Para llegar a la región donde esperaba nuestra presa, tuvimos que bajar la colina y cruzar el río con el transbordador, una gran canoa con forma de plátano que parecía haber sido construida hacía tres siglos y haberse ido deteriorando lentamente desde entonces. El remero era un hombre muy viejo que daba la impresión de estar en peligro inmediato de sufrir un ataque cardíaco y que iba acompañado de un niño cuya misión era achicar el agua. Esta lucha se antojaba un poco desigual, porque el niño se servía de una lata oxidada para su tarea, mientras que los costados de la canoa eran tan estancos como un colador. Inevitablemente, cuando se alcanzaba la orilla opuesta, se iba sentado en quince centímetros de agua.
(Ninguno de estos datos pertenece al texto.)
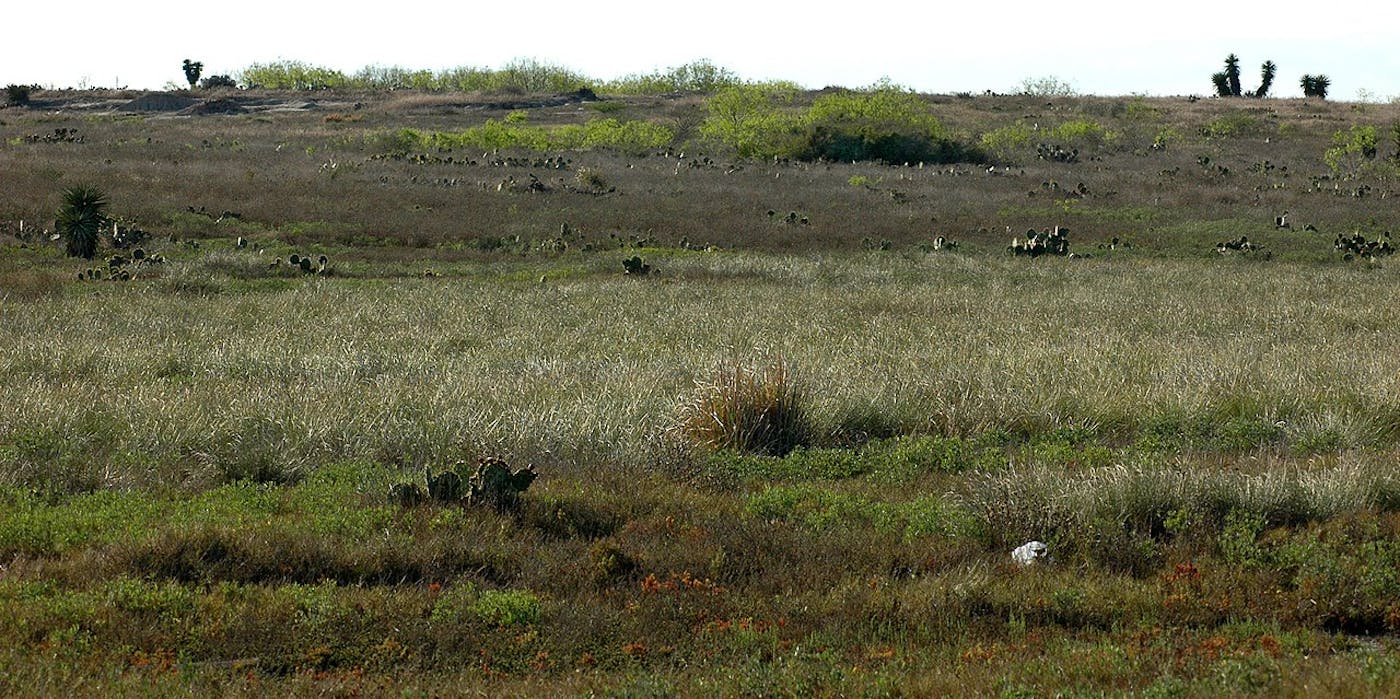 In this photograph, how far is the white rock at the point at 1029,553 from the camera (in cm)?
750

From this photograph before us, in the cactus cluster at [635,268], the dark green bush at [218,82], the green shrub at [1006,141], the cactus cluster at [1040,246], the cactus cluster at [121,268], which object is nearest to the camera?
the cactus cluster at [121,268]

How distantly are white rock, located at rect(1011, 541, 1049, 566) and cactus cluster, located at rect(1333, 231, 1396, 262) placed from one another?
2881cm

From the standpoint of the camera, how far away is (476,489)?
8.12 m

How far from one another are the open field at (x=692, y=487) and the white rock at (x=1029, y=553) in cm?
11

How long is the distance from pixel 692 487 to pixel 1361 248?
99.3 ft

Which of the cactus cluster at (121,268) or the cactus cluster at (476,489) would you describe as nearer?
the cactus cluster at (476,489)

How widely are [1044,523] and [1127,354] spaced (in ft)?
26.4

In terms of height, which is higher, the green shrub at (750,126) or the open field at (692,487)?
the green shrub at (750,126)

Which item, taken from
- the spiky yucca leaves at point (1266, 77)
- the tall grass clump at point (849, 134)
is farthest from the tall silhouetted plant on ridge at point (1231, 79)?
the tall grass clump at point (849, 134)

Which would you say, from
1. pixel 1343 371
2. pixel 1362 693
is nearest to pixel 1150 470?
A: pixel 1362 693

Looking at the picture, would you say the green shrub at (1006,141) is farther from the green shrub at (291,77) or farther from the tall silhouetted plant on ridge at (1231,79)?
the green shrub at (291,77)

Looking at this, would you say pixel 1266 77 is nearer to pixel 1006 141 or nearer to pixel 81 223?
pixel 1006 141

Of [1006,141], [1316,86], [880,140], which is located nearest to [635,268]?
[880,140]

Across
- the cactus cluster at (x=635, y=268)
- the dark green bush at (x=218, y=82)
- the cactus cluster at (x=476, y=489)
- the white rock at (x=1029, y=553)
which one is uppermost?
the dark green bush at (x=218, y=82) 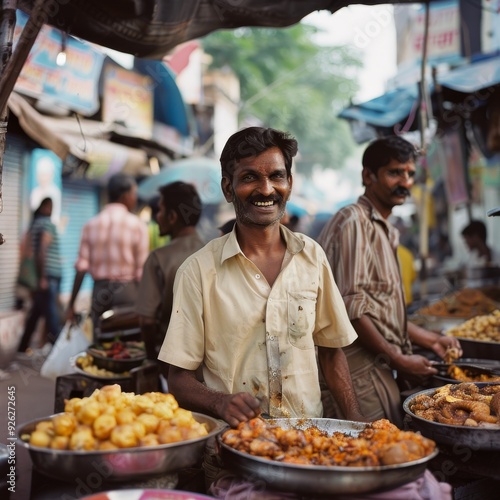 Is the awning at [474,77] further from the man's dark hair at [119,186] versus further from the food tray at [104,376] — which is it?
the food tray at [104,376]

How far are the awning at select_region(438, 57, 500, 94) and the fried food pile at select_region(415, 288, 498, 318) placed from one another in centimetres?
202

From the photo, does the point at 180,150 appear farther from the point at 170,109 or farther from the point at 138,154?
the point at 138,154

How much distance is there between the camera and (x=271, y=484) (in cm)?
190

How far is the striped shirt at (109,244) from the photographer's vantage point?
7102 mm

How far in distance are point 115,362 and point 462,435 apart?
9.76 ft

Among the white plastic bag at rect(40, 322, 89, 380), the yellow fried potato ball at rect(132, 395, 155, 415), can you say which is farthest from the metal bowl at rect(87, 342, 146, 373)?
the yellow fried potato ball at rect(132, 395, 155, 415)

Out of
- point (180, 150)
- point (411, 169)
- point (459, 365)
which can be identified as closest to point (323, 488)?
point (459, 365)

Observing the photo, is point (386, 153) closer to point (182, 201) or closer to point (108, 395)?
point (182, 201)

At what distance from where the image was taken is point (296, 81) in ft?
107

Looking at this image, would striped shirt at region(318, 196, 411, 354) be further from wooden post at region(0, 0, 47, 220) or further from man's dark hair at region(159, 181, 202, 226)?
wooden post at region(0, 0, 47, 220)

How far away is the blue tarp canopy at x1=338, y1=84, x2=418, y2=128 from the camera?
7383 mm

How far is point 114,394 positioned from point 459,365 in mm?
2192

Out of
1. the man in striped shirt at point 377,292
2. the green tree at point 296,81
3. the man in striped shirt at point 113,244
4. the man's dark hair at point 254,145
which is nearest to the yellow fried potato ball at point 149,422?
the man's dark hair at point 254,145

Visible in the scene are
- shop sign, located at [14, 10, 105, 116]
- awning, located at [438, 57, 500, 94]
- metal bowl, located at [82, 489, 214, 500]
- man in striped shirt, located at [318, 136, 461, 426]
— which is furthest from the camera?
shop sign, located at [14, 10, 105, 116] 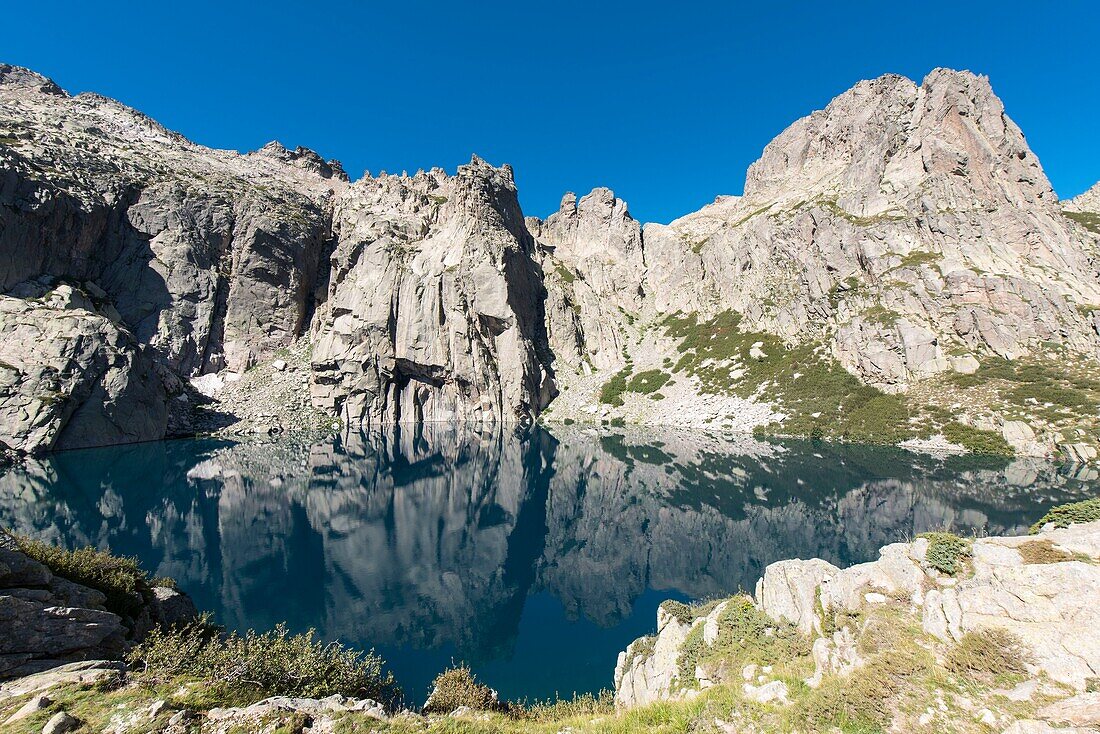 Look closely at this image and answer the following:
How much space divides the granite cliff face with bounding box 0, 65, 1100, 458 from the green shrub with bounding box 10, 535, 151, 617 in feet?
177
Cuando llegamos con nuestro equipo a los peldaños gastados por el agua que constituían el embarcadero al pie de los riscos de granito, el transbordador estaba en la otra orilla, así que mientras Ben, Agustine y el gigantesco africano (a quien habíamos bautizado Gargantúa) llamaban al barquero a voz en grito para que volviera con la máxima rapidez, Bob y yo nos pusimos en cuclillas a la sombra y contemplamos a la habitual muchedumbre de Mamfe bañándose y lavándose en las aguas marrones.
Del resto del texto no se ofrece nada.